Reiten ist gefährlich
Auch Martin Schulz aus Peine bei Hannover bedient den Geschmack ausgemachter Pferdefans. Er verkauft Schmuck an Menschen, die von Pferden nicht genug kriegen können. Pferdeköpfe als Halsketten, Pferdeköpfe als Ringe, Pferdeköpfe als Broschen. Sein teuerstes Stück ist eine Kette aus 585-er Gold, an dem eine Pferdekopfgemme im Profil hängt. Sie kostet 1490 Euro.

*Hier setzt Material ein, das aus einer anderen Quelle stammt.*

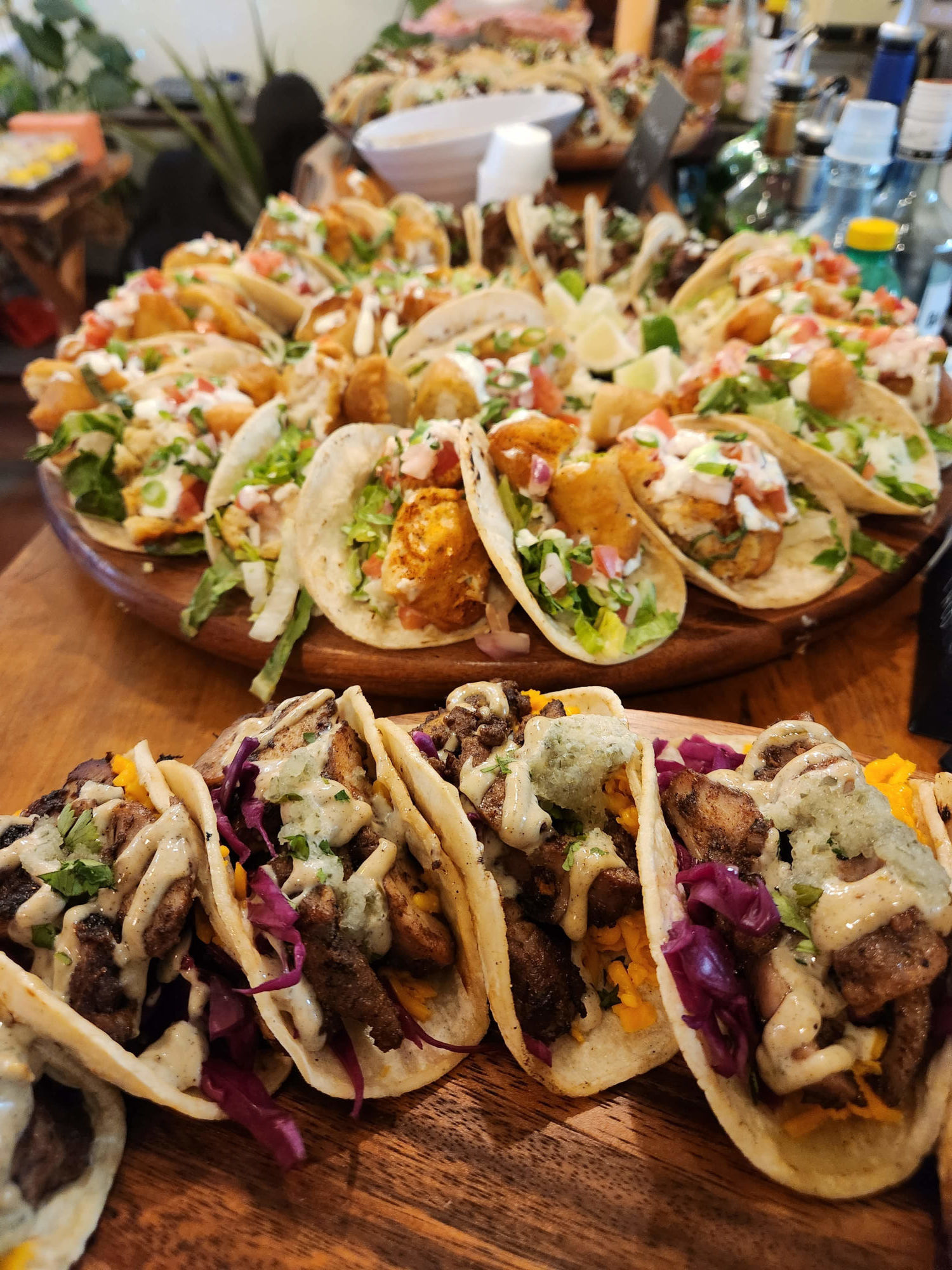 Irresistible Appetizers - Nachos, Poppers, Fries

Ein bisschen gefährlich ist es auch, ein Pferd zu reiten. Das erkennt man nicht nur an den Westernshows, bei denen der gekonnte Sturz vom unbesattelten Pferderücken nicht fehlen darf. Man sieht es auch an den vielen Ständen, an denen Massagegeräte für den kaputten Reiterrücken ausgestellt werden. Die Firma Invitalis etwa erhofft sich hier mit ihrem Massagekissen guten Umsatz. Die Massagestühle für die Laufkundschaft sind voll besetzt. „Reiter haben doch alle Rückenprobleme“, sagt Martina Buhl, die ihr Produkt hier zum Sonderpreis anbietet: für 149 statt 189 Euro. Dass die Beschäftigung mit den schönen Tieren ein Risiko für Geldbeutel und Gesundheit ist, haben übrigens auch die Versicherungen entdeckt. So bietet etwa die Gothaer Versicherung in Halle 23 ihr Rundum-sorglos-Paket für den Reiter an.
Mehr Pferde als Menschen
Die Mongolei, ein Land mit alter Pferdetradition, ist das diesjährige Partnerland der Hippologica. Mit einer Jurte, Film- und Musikvorführungen, Reitshows und jeder Menge echter Mongolen präsentiert sich das Land hier. Das Interesse an den Mongolen groß.
Denn sie tragen üppige, traditionelle Kleider in gold, blau und rot, dazu Hüte und Kappen, denen es an Schnörkeln und Zierden nicht fehlt. „In der Mongolei gibt es mehr Pferde als Menschen“, sagt Hippologica-Projektleiter Goldschmidt.
Die Messe läuft noch bis Sonntag. Am Wochenende werden besonders viele Familien mit kleinen Töchtern erwartet. Aber man muss kein ausgemachter Pferdenarr sein, um auf der Hippologica gut unterhalten zu werden.